[REQUIRED ACTION]
Each line below should be repeated exactly, but no picture should be carried over.

[DATASET EXTRACT]
--- START ---
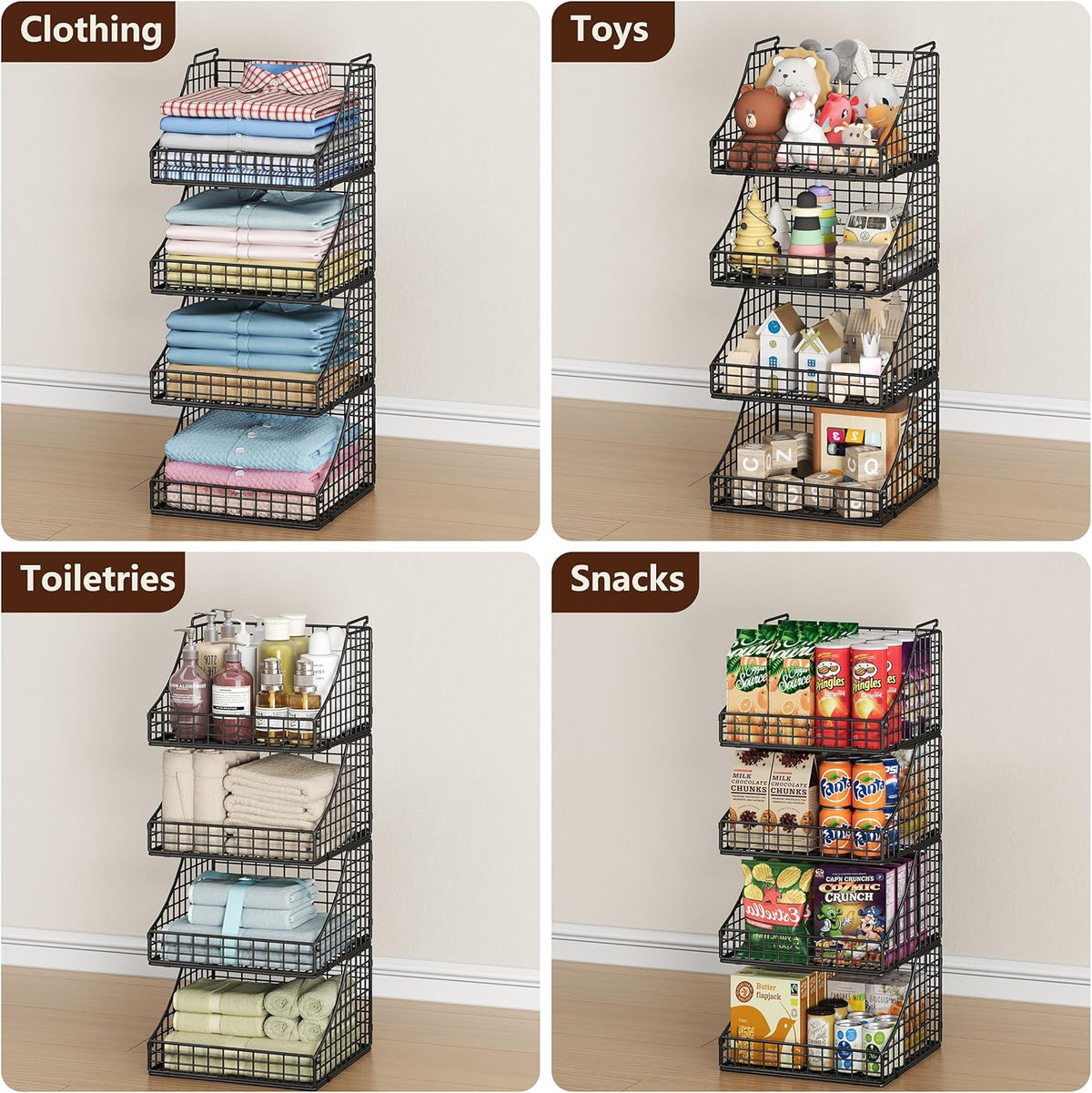 Lyuwanxian 4-Pack Stackable Wire Baskets for Closet Organizers and Storage, Open Storage Bins for Clothes, Toys, and Snacks - Rustic Metal Closet Organizer and Shelves in Black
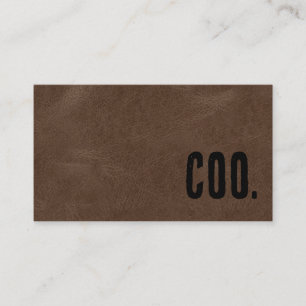 Tarjeta De Visita COO de cuero falso Premier Brown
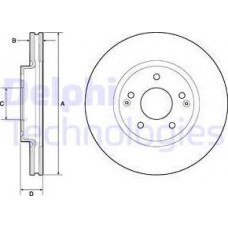 Delphi BG4809C - DELPHI DB гальмівний диск передній SANGYONG ACTYON II 10-12-.KORANDO 11-10-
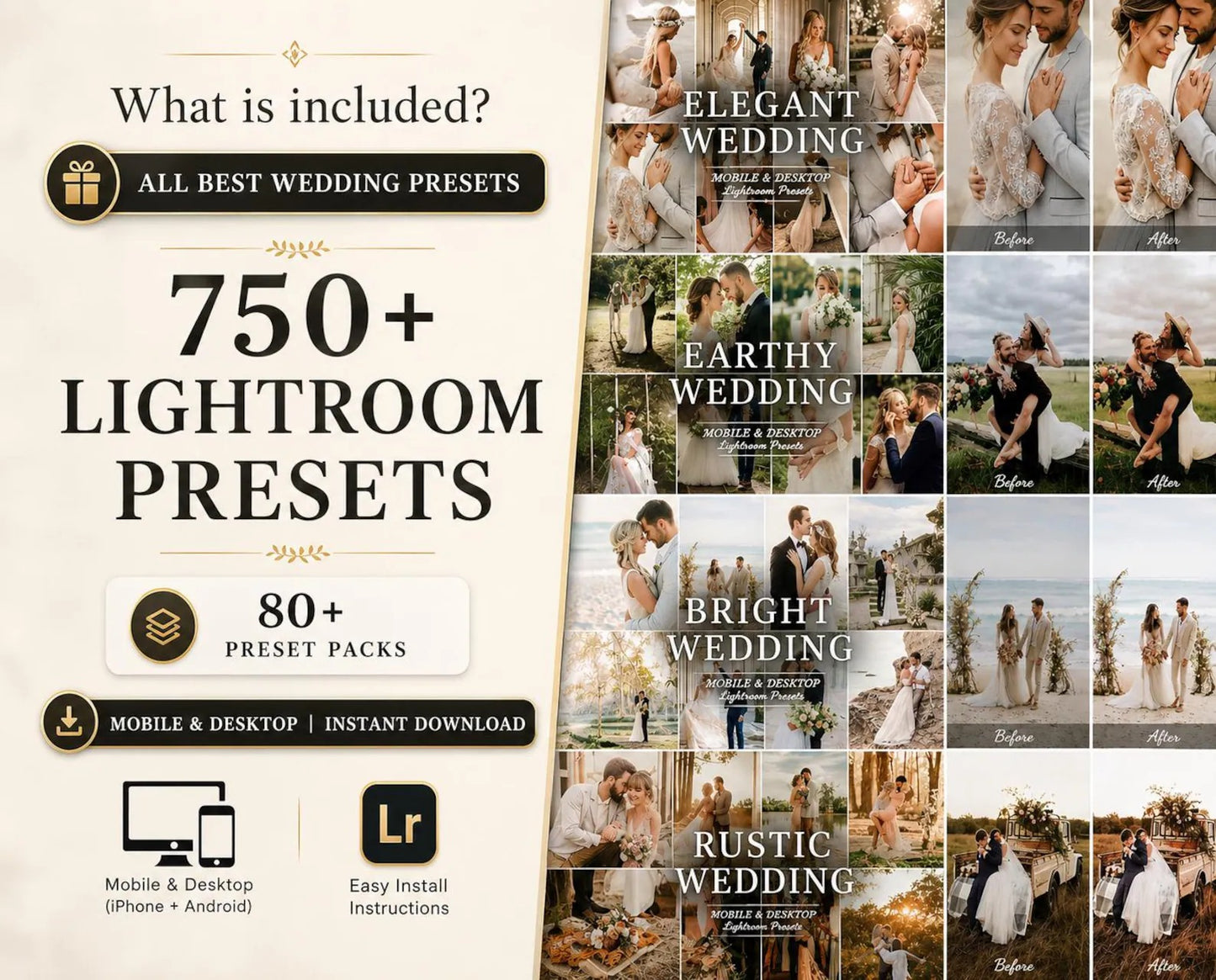 750+ WEDDING Presets, Lightroom Wedding Presets, Wedding Lightroom Presets Bundle, Preset, Mobile Presets, Creamy Preset, Desktop Presets,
--- END ---
[ANSWER BOX]
 Lyuwanxian 4-Pack Stackable Wire Baskets for Closet Organizers and Storage, Open Storage Bins for Clothes, Toys, and Snacks - Rustic Metal Closet Organizer and Shelves in Black
 Tarjeta De Visita COO de cuero falso Premier Brown
 Delphi BG4809C - DELPHI DB гальмівний диск передній SANGYONG ACTYON II 10-12-.KORANDO 11-10-
 750+ WEDDING Presets, Lightroom Wedding Presets, Wedding Lightroom Presets Bundle, Preset, Mobile Presets, Creamy Preset, Desktop Presets,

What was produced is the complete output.